Although the first case was described by
Leuckart in Groenland in 1876, the disease was more widely
recognized and studied in the nineteen fifties and sixties
when real "epidemics" of anisakidosis occurred in the
Netherlands following ingestion of "green" (i.e. lightly
salted) herring (154 proven cases between 1955 and 1968)

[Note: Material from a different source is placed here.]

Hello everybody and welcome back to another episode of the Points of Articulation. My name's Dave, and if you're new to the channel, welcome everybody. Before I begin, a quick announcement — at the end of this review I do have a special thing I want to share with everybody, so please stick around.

(4, 5). The highest numbers of cases come from Japan (up to
1,000 cases per year) due to the very common and popular
consumption of raw fish (sushi and sashimi) but were more
usually related to
Pseudoterranova infection which is able to give
similar lesions and symptoms (6, 7). There was some
controversy about the pathophysiology of peri-
Anisakis granulomas and, thus, of the occurrence of
clinical symptoms after
Anisakis larvae ingestion. It was suggested that it
represented a hypersensitivity reaction and, thus, that a
natural or an acquired allergic predisposition was
required. Some clinical observations were in keeping with
an allergic nature of the illness. Experimental studies
have given discording results : in one study, a second
challenge 4 months after the primary infection in rabbits
gave a stronger local reaction than the initial one ;
however another study with a prolonged follow-up of the
primary infection, and challenge infections after oral
administration or direct introduction in the appendix,
demonstrated that one single larva, without any previous
sensitization, was able to induce the granulomatous
reaction, hence the disease, but that the resulting
inflammatory reaction was very variable (8).
2. Scientific reasoning
2.1. Anisakis allergy
Besides anisakidosis, which has been
successfully prevented in some countries by warning the
public of the risk of eating raw fish and by freezing fish
before consumption, the allergenic potency of
Anisakis antigens, irrespective of
Anisakis larvae ability to actively penetrate into
the gastro-intestinal tract, was pointed out by Kasuya
et al. in 1990 (9). A case of anaphylaxis after
eating fish in a 52 year old woman otherwise non-allergic
to fish was reported in Spain in 1995, in the Basque
Country (10). Since the publication of this well documented
case, the same team has reported 28 cases of IgE-dependent
hypersensitivity caused by
Anisakis (11). The symptoms were :
urticaria/angioedema in 17 patients, facial angioedema in
28, gastrointestinal symptoms (vomiting, diarrhea and
abdominal pain) in 12, respiratory symptoms in 7 and
anaphylactic shock in 3. Fourteen patients had to be
treated in an emergency department, 3 had to be
hospitalized and one had a respiratory arrest.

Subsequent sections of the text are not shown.